Page 110 of Take the Sub and Run

Her father stood, placing his hand on her shoulder. “I must go, Daughter.”

As much as she wanted him gone, she was terrified for him to go. “You’re leaving me like this? I can’t walk, I can’t…” She was breathing too fast, but she couldn't seem to make herself slow down. "It hurts so much."

"I will send one of them back tonight with perhaps a wheelchair for you and something to help you with the pain. But remember, pain and suffering—they teach us. They help us reach a spiritual place."

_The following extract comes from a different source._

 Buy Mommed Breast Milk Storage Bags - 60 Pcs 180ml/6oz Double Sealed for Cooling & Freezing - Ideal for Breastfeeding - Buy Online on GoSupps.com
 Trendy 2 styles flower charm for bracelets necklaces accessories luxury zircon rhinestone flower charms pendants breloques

He bent over and kissed her head, patting her shoulder once before turning to make his slow way to the door.

Sofie let the pencil fall from nerveless fingers and watched it roll across the floor.

“Who moved the car into the barn?” Taller Asshole asked as they strode across what had once been a farmyard toward the small outbuilding. The morning sun was cheerful, the sky a brilliant blue. Not exactly murdering weather, but Andrei made do.

“That idiot Elio must have. Where is he?”

Dead in the car.

Andrei followed them at a safe distance, having confirmed with Elio before snapping his neck that there were three men and Father Noah Visser here.

And that they had the father’s pretty blonde daughter locked in a studio on the third floor.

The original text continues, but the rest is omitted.